The modest and frugal Ronald Read left behind a substantial fortune upon his passing, shocking those around him and piquing the interest of experts.
They analyzed his investment portfolio and strategy, discovering that Read built wealth through several fundamental steps.
First is the aforementioned diligence and thriftiness, living within his means. Throughout his life, including the years when he became affluent, he led a modest lifestyle and worked diligently without complaint.
Second is his cautious and astute investments. Read had a knack for stock selection. The stocks he chose delivered profits over an extended period, a strategy endorsed even by investing legend Warren Buffett.
After his passing, The Wall Street Journal analyzed his personal investment portfolio and found he owned stocks from at least 95 companies. These stocks encompassed various industries like banking, consumer goods, railways, telecommunications, and utilities. He avoided tech stocks.
Long-standing companies in his portfolio included Dow Chemical, General Electric, J.P. Morgan Chase, Procter & Gamble, J.M. Smucker, CVS Health, and Johnson & Johnson.
Read did not always hit the jackpot. For example, his portfolio included stocks from Lehman Brothers Holdings, which collapsed in 2008. However, he was willing to hold onto his investments for many years, and most of them performed well.
Chris Leithner, Managing Director at private investment company Leithner & Co, mentioned in his analysis that Read did not blindly invest – his focus was concentrated, not haphazardly diversified. At the time of his death, ten stocks constituted a quarter of his total net worth, mainly in financial services and consumer goods.
He usually purchased stocks after thorough research and opted for companies that steadily paid substantial dividends. When dividend checks arrived, he reinvested the earnings into buying more stocks, not necessarily from the same company.
Third, Read had great patience in his investments. Unlike many today seeking quick gains, he held onto many stocks for decades, with compounded growth securing him handsome returns.
For investors like Read, time was their best friend; conversely, for most people, time poses their greatest challenge.
Fourthly, Read was a lifelong learner. He graduated from Brattleboro High School in 1940 but continued to engage in extensive reading and research, seeking advice when needed but also independently formulating his conclusions to make investment decisions.
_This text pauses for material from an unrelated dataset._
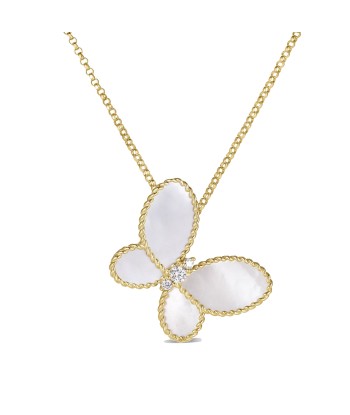 Roberto Coin 18K Yellow Gold Butterfly Jasmine Mother of Pearl and Diamond Necklace Les êtres humains sont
He subscribed to The Wall Street Journal, regularly visited the local library, and sought advice from professionals when necessary.
Leithner concluded that Read’s remarkable feat demonstrates that successful investing is not a matter of luck. Cultivating investment acumen, achieving financial independence, leaving a legacy for society – ultimately, these stem from specific values and virtues: living within means, diligent saving, hard work, independent thinking, careful investing, and patient awaiting. Virtually anyone, regardless of their living circumstances, can cultivate these values and qualities.
In his high school yearbook, there was a prescient evaluation of Read: “Only the calm and quiet can achieve great things.”